Paşinyan’ın, Rusya’nın Kafkasya’da asayişi sağlama konusundaki yetersizliğine yönelik alışılmadık derecede sert eleştirisi, Kremlin’in, Moskova’nın bir zamanlar hakimiyet alanı olarak gördüğü eski Sovyet cumhuriyetleri üzerindeki nüfuzunu -ve bir zamanlar sahip olduğu süper güç statüsünü- yitirdiği duygusunu daha da güçlendiriyor.
Erivan’ın yaşadığı hayal kırıklığı, SSCB’nin çöküşünden sonra demiryollarının, enerji sektörünün ve hatta sınırlarının kontrolünün çoğunu Rusya’ya devretmiş olan 2,8 milyon nüfuslu Ermenistan için önemli bir dönüm noktası olabilir.
Ermenistan, 2020’de Azerbaycan güçlerine karşı 44 günlük bir savaş yürüttüğünde, ateşkesi korumak için Rus barış güçleri görevlendirilmişti.
Ancak gelinen noktada Rusya Ukrayna’da tümüyle savaşmaya kararlı. Putin’in askerlerinin Kafkasya’da barışı korumaya istekli olup olmadığı konusunda Erivan’daki korku giderek artıyor. Ermenistan’ın Dağlık Karabağ’da Azerbaycan’la savaşmaya devam etme tehlikesi devam ettiği için bu konu aciliyet teşkil ediyor.
“Ukrayna’daki olaylar sonucunda Rusya’nın tavrı değişti” diyen Paşinyan, Moskova’nın, Ukrayna savaşının başından beri Kremlin için stratejik önemi artan Azerbaycan’la ve yakın müttefiki Türkiye’yle arayı açmaktan kaçındığını öne sürdü.

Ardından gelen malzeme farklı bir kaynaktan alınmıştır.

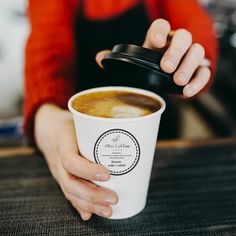 a woman is holding a cup of coffee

Paşinyan, “stratejimiz bu durumda başkalarına bağımlılığımızı maksimum düzeyde azaltmaya çalışmak olmalıdır” diye ekledi: “Bağımsız ve egemen bir ülke sahip olmak istiyoruz ancak öncelikle Batı ile Doğu, Kuzey ile Güney arasındaki çatışmaların merkezine düşmekten kaçınmanın yollarını bulmalıyız… Ermenistan’ın ‘vekil’ (proxy) olması gibi bir durum söz konusu olamaz. Buna izin verilemez.”
Ermenistan başbakanı, çatışmalar her alevlendiğinde Rusya’ya çağrıda bulunmanın sürdürülebilir olmadığının da altını çizdi:
“Komşularımızla sorun yaşadığımız ve başkalarını bizi korumaya davet ettiğimiz model (ki bu diğerlerinin kim olduğu önemli değil) fazlasıyla savunmasız bir model.”
Azerbaycan’ın uluslararası alanda tanınan sınırları içinde yer alan Dağlık Karabağ, Sovyetler Birliği’nin çöküşünden bu yana iki savaşa sahne oldu. Rusya ise her iki durumda da bölgenin güvenliğini garanti altına almak için devreye girdi. Ancak gelinen noktada Moskova’nın statükoyu güvence altına alma yeteneğinin kaybolduğu görülüyor.
Azerbaycan’ı Laçin Koridorunu kapatarak “insani kriz” yaratmakla suçlayan Paşinyan, “temas hattındaki ihlaller ve Dağlık Karabağ topraklarına yapılan işgal nedeniyle güvenlik durumu keskin bir şekilde değişti” diyor. Laçin Koridoru, Moskova birliklerinin 2020 ateşkesi uyarınca korumakla görevlendirildiği bölgeyi Ermenistan’a bağlayan tek yol.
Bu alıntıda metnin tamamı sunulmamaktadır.